So what does he think will happen? Will we reach the singularity – when AI becomes smarter than man? Will robots take over?
Musk says he has been warning about the dangers of AI – specifically, not regulating it – for years. He says the singularity is hard to predict, once likening what happens beyond it as “a black hole”.
“It could be terrible and it could be great – it’s not clear,” was his view.
Ominously, he added though: “One thing is for sure, we will not control it.”
The best solution? Humans merging with AI, hence the raison d’etre of Neuralink. “If you can’t beat it, join it,” he said.
Was that from the interview where he smoked weed?
It was.
For a smart guy, was that so smart?
Smoking marijuana is legal in California where the interview took place.
I’m sensing a but…
Well, it did cause Tesla shares to crash by 6%. And two senior executives quit.

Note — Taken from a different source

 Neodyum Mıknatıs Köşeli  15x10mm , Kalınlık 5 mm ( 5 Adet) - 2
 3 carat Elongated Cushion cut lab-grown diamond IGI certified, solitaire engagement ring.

OK, it wasn’t the cleverest thing to do, not least since Musk was under investigation by the Securities and Exchange Commission at the time, for alleged market manipulation after tweeting: “Am considering taking Tesla private at $420. Funding secured.”
What was the outcome?
He stepped down as Tesla’s chairman and had to pay a $20million fine.

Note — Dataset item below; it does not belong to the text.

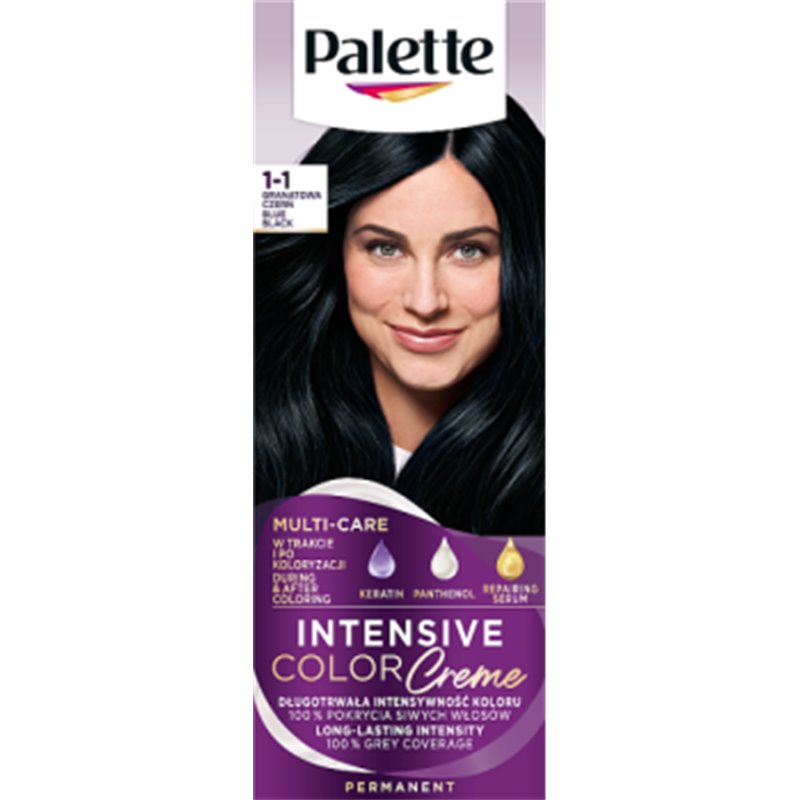 Palette Farba do włosów Intensive Color Creme Granatowa Czerń C1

He gets himself into bother quite a bit, doesn’t he?
Some would say. There was, for instance, the incident last summer where 12 teenagers and their football coach got trapped in a cave in Thailand. Musk said he could build a mini submarine to get them out, but one of the British rescue workers involved in the rescue mission dismissed his idea, telling CNN it was “just a PR stunt” that had “absolutely no chance of working”.
Musk retaliated by tweeting, without evidence, that the diver was a “pedo”.
Goodness. So what is Elon Musk actually like then?
As with anyone, it depends who you ask. Rich Sorkin, former CEO of Zip2, for instance, told Wired, “Elon is the most relentless person I have ever met in my entire life.”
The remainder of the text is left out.